[ACTION ITEM]
Repeat, exactly and with no pictures, the lines that run from the beginning of the entries through the line containing "This is Al.".

ENTRIES PROVIDED Block Start

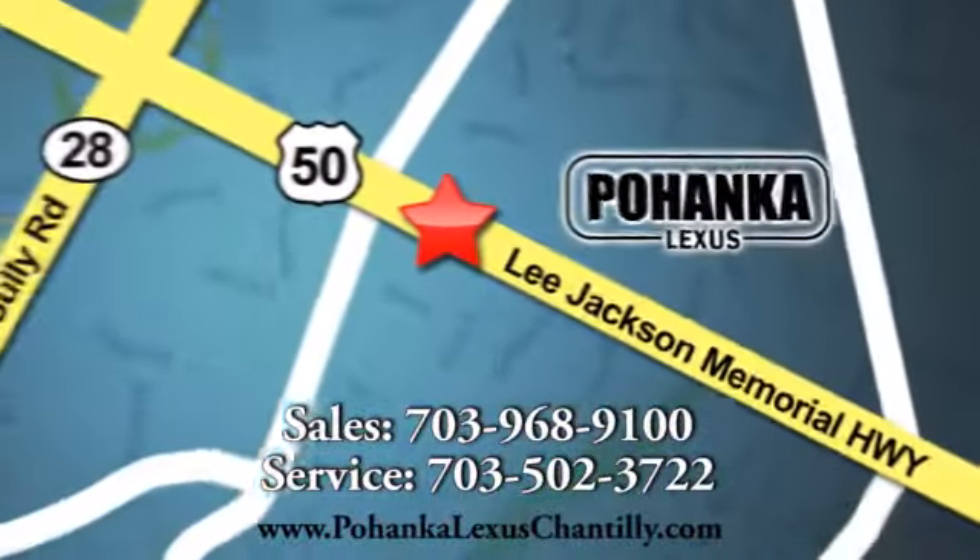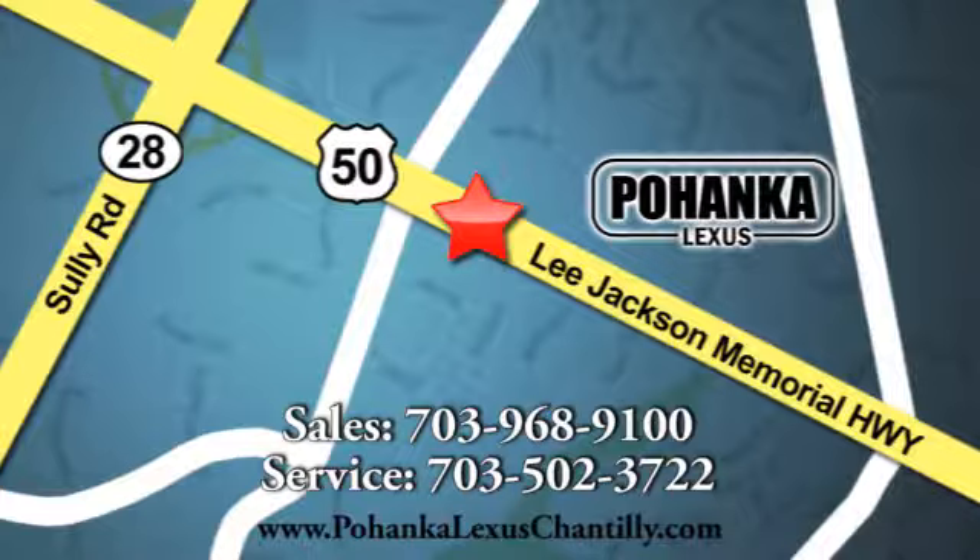We're conveniently located at 13909 Lee Jackson Memorial Highway in Chantilly. We'll see you next week.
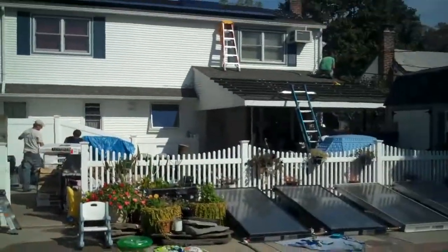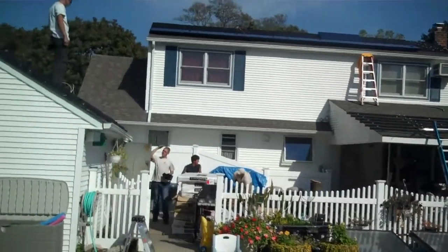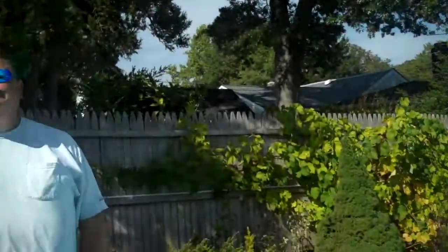This is Al. He's decided to go all the way. He finally cut down his tree that was blocking a lot of sunlight to his garage roof, but he's decided to go even beyond that. Can you tell us about what you're doing today, Al?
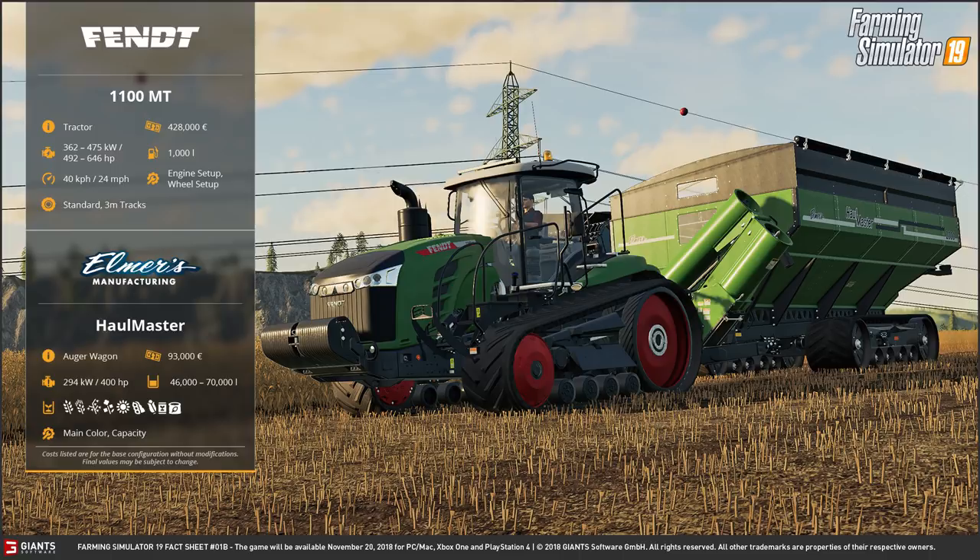On the back of the Fendt we have the Elmer's Hallmaster, which is the very large auger wagon. It costs 93,000 euros and requires 400 horsepower to pull it, so this is obviously a suitable tractor for the job. It has a customisable capacity of 46,000 to 70,000 litres and you can carry a wide range of crops: wheat, barley, oats, canola, sunflowers, soybeans, corn, seed, and I think fertiliser — though I'm yet to know for sure on that one.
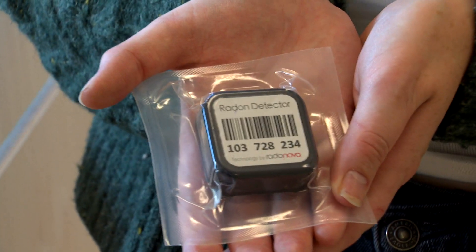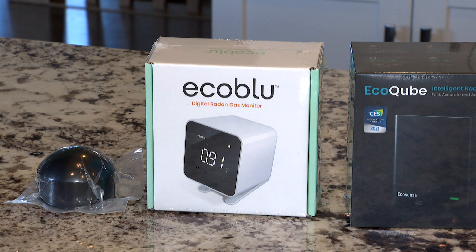It's non-intrusive. The test kit looks like this. You put it on the lowest lived-in level of your home, and after 91 days, you put it in an envelope and send it to a lab.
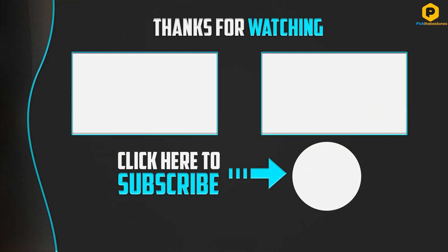If this video was helpful to you, please make sure to like, comment, and don't forget to subscribe.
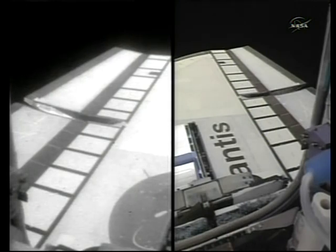We've now maneuvered to the proper orientation for the flight control system checkout, and Chris Ferguson now will be activating auxiliary power unit number one in support of driving all of the aerosurfaces.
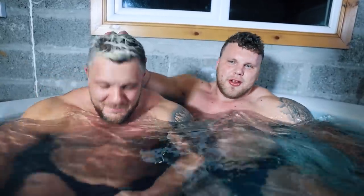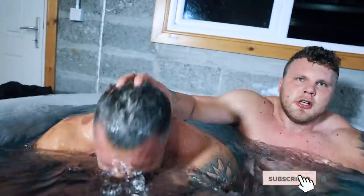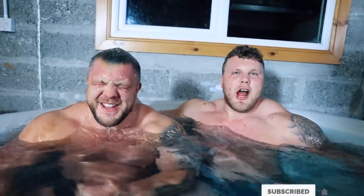Subscribe or this will happen to you. Yeah, you're not subscribed yet — come on.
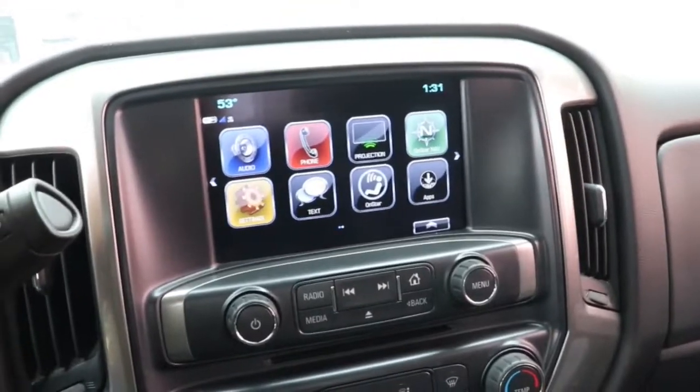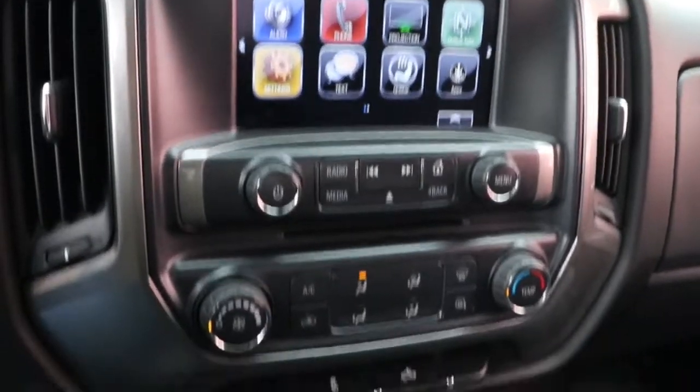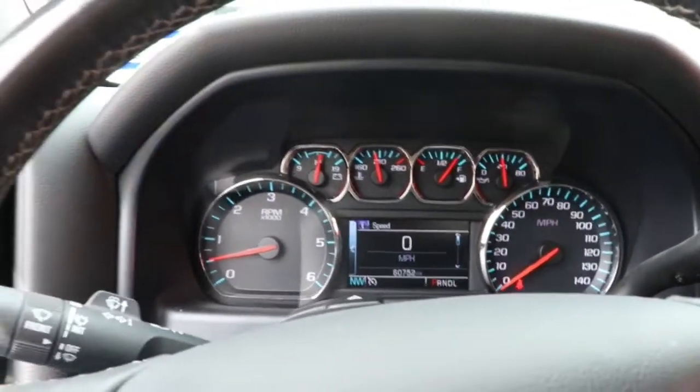These are just some of the great options this vehicle comes with: keyless entry, steering wheel audio controls, electronic stability control, leather-wrapped steering wheel, intermittent wipers, trip computer, power windows, four-wheel disc brakes, and power steering.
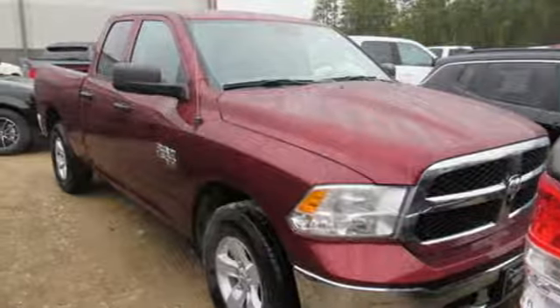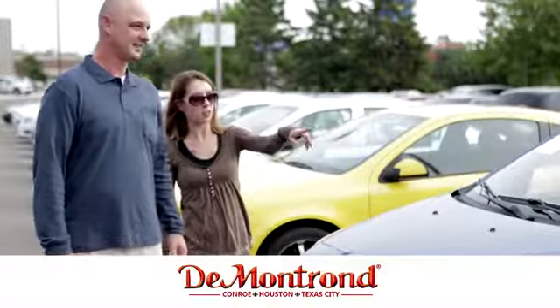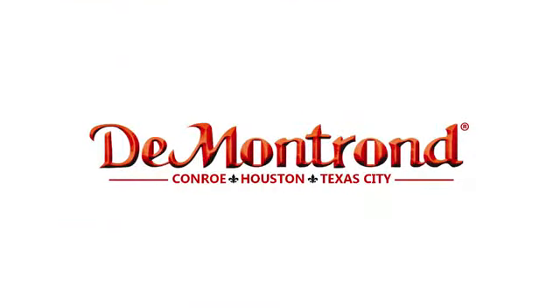Take it for a test drive today. Buy with confidence at Demontron. With an incredible inventory, competitive financing, top dollar for your trade, plus a real powertrain warranty for as long as you own your vehicle, it's definitely Demontron.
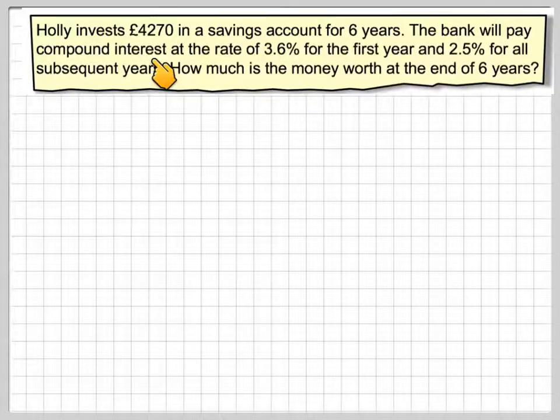Holly invests £4,270 in a saving account for six years. The bank will pay compound interest at the rate of 3.6% for the first year and then at 2.5% for all subsequent years. How much is the money worth at the end of six years?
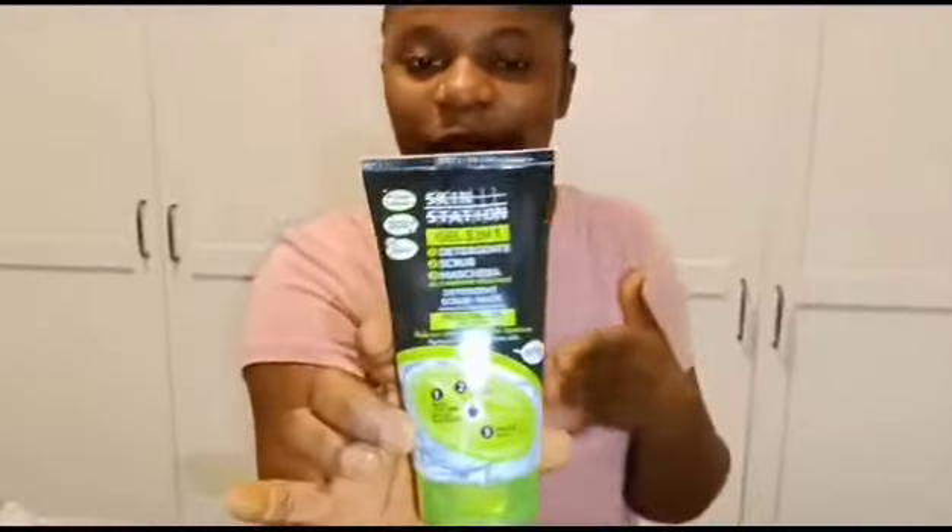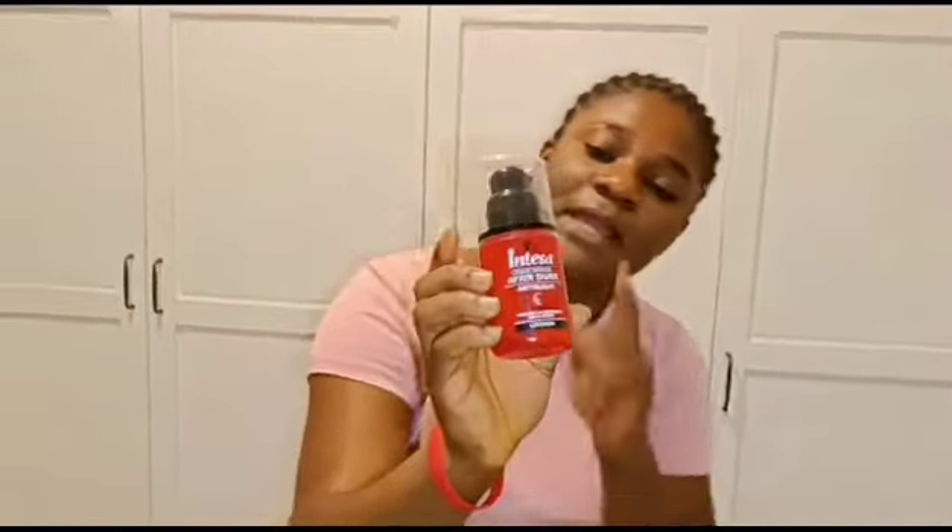And this is my Skin Station face scrub. This is what I normally use — I use it three times a week. It's very nice. It has black charcoal — it's a detoxifying scrub, three-in-one. Look at it, guys!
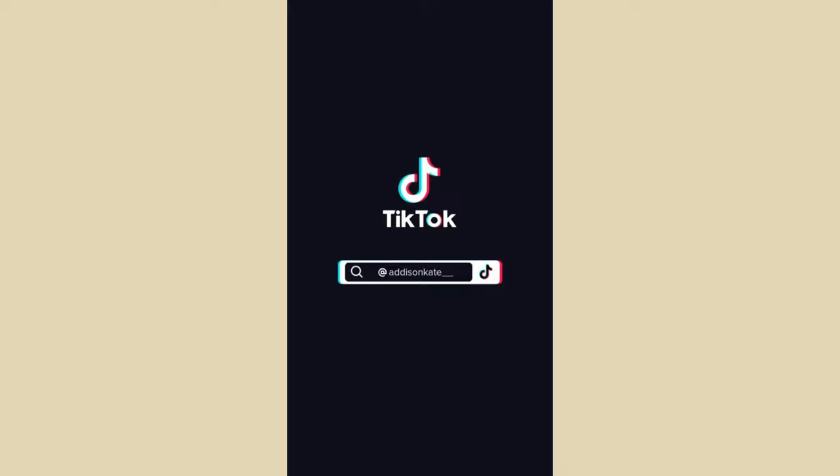Hi guys, I finally have a haul — this may need a part two because TikTok took away the 10-minute feature. I didn't get all of this in one day, it's just been collecting in my room. Starting with things from Hauls: I got lots of cute summer clothes because I'm going on vacation to Florida.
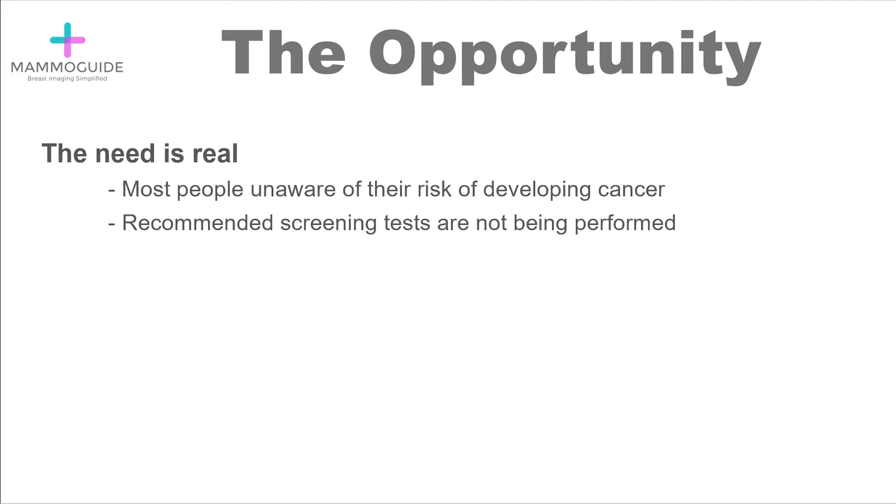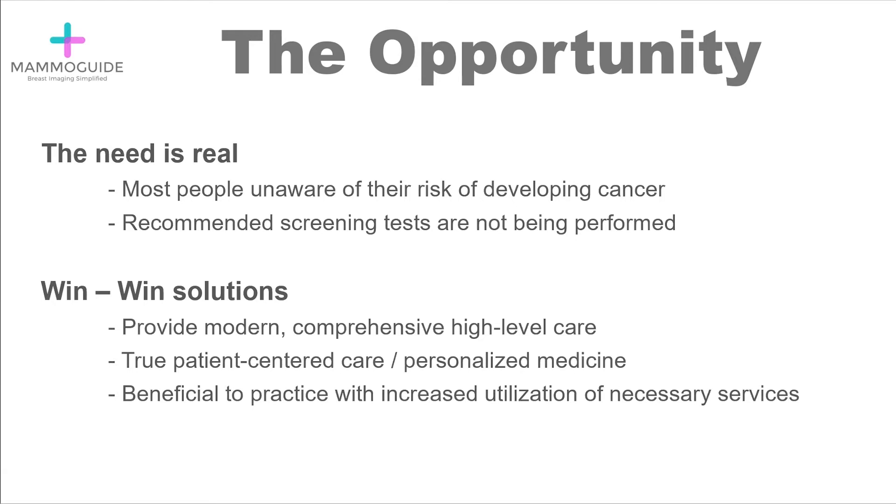Most people are completely unaware of their risk of developing cancer. Recommended screening tests such as breast MRI are frequently not performed. We are able to create win-win solutions for the patient and the practice.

ENTRIES PROVIDED Block End

[RESULT FOR THIS EXERCISE]
We're conveniently located at 13909 Lee Jackson Memorial Highway in Chantilly. We'll see you next week.
This is Al. He's decided to go all the way. He finally cut down his tree that was blocking a lot of sunlight to his garage roof, but he's decided to go even beyond that. Can you tell us about what you're doing today, Al?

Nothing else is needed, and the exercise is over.